»»
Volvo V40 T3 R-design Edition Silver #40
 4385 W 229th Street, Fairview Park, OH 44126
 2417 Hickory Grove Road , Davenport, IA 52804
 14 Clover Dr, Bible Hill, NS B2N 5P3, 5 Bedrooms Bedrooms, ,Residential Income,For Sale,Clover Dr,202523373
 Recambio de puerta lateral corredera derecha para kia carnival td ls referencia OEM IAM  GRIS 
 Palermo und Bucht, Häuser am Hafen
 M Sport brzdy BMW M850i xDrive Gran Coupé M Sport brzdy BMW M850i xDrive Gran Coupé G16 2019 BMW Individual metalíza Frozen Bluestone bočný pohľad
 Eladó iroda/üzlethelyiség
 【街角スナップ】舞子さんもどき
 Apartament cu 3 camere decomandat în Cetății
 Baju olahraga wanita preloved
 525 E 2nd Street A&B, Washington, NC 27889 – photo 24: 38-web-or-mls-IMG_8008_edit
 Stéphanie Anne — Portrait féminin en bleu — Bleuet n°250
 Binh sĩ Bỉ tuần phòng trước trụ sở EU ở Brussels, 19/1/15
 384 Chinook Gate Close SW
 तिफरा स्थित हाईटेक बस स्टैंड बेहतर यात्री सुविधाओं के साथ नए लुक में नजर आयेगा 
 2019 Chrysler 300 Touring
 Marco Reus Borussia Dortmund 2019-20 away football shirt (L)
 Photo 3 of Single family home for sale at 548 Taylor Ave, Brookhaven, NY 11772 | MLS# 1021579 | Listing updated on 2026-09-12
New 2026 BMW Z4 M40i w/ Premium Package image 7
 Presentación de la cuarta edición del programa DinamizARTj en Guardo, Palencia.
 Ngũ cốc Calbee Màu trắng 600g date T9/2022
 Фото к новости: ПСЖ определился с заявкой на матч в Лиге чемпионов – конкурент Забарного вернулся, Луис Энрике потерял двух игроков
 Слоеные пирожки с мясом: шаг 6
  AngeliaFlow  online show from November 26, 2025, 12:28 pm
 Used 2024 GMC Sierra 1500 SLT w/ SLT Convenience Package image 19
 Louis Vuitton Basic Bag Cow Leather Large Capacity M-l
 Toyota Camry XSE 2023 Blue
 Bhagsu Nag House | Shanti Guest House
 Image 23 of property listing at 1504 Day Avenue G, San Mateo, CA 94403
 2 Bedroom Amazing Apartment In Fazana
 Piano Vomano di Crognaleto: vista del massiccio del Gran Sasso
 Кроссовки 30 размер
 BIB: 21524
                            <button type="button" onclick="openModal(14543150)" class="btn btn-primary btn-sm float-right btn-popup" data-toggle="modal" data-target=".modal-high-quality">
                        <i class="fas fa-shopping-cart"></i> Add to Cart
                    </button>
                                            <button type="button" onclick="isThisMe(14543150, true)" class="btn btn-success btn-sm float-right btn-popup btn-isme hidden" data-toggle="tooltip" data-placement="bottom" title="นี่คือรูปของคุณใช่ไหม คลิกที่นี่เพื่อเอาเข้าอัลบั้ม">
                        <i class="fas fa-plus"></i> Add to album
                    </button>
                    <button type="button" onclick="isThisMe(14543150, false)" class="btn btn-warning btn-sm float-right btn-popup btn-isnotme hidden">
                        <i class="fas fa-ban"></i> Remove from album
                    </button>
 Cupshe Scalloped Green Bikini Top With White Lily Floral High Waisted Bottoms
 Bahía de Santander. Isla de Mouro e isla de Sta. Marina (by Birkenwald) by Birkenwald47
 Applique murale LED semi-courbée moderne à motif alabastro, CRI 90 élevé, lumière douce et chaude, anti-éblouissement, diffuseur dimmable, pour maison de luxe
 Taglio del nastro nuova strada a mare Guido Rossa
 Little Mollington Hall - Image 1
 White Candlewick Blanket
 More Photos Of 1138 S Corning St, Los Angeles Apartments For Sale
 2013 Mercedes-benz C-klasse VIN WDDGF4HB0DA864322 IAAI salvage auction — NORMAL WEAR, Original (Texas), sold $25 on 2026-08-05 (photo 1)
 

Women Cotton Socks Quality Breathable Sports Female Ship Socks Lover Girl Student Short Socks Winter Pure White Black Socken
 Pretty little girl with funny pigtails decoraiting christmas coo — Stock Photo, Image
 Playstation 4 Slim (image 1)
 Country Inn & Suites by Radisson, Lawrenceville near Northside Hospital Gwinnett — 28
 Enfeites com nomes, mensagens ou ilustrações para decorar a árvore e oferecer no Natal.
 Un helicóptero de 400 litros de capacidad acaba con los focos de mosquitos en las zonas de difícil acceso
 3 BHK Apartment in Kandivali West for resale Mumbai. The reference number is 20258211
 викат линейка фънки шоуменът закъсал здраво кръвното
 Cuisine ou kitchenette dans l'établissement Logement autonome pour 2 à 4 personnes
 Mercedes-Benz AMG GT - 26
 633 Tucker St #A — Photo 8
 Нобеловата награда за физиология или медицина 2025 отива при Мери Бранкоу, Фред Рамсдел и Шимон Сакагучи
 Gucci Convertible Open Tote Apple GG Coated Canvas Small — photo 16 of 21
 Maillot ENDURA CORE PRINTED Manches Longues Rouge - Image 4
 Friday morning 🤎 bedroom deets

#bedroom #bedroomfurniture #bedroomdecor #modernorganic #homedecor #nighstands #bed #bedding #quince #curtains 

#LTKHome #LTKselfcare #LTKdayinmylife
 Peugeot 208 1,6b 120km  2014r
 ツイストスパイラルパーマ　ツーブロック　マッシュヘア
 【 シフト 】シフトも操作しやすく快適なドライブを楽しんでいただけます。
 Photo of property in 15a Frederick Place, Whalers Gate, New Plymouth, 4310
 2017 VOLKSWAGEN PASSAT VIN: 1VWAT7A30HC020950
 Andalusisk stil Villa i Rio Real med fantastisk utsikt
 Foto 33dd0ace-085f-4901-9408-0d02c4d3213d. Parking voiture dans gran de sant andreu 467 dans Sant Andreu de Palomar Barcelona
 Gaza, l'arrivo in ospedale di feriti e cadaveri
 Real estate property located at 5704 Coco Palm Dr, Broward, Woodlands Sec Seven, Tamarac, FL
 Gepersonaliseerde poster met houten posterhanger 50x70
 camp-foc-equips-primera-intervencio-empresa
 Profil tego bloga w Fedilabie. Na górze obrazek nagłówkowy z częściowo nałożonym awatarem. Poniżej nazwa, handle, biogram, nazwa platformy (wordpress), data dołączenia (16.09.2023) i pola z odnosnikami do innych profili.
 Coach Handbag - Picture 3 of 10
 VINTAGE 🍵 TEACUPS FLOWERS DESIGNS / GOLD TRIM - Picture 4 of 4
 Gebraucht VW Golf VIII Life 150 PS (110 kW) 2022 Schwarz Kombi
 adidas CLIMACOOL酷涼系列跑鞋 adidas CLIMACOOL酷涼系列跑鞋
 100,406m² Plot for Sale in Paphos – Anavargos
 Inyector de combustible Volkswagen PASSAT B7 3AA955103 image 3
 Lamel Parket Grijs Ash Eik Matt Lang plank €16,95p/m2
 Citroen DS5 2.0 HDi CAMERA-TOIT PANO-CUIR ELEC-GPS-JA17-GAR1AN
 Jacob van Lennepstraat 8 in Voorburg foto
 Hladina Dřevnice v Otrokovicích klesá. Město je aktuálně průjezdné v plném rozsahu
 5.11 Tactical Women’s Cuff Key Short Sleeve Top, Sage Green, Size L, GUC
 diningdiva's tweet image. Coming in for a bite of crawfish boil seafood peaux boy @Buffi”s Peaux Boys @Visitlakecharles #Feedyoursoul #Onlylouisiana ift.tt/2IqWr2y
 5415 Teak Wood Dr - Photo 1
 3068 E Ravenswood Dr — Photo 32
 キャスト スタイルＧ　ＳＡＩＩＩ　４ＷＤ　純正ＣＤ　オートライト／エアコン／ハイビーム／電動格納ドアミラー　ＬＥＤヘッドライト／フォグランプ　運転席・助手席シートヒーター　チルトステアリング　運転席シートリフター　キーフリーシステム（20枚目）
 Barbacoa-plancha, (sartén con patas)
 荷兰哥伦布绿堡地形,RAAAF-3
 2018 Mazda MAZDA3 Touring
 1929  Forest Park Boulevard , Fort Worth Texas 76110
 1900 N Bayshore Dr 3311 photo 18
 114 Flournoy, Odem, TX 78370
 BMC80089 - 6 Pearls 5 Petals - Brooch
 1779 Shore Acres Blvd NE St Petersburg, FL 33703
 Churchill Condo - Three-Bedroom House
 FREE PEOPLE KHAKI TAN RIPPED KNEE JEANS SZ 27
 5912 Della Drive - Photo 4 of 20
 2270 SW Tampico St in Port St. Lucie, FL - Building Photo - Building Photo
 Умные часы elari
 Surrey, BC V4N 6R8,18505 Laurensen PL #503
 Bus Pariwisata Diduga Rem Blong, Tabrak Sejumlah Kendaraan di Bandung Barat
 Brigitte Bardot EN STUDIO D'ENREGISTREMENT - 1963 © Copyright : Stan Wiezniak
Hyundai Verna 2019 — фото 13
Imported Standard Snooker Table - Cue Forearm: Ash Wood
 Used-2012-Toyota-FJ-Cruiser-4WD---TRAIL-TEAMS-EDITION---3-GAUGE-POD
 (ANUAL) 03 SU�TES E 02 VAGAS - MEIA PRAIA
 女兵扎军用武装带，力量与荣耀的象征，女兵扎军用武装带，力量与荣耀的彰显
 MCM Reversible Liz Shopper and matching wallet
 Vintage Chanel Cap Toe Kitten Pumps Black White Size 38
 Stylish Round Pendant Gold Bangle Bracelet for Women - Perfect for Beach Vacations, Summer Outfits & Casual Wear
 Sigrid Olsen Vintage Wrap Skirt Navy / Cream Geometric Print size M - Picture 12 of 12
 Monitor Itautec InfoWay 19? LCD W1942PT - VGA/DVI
««
◆ TASK INSTRUCTIONS: Whenever the string "Short" shows up in a line of the records, copy that line.

◆ TASK OUTPUT:
Women Cotton Socks Quality Breathable Sports Female Ship Socks Lover Girl Student Short Socks Winter Pure White Black Socken
 5.11 Tactical Women’s Cuff Key Short Sleeve Top, Sage Green, Size L, GUC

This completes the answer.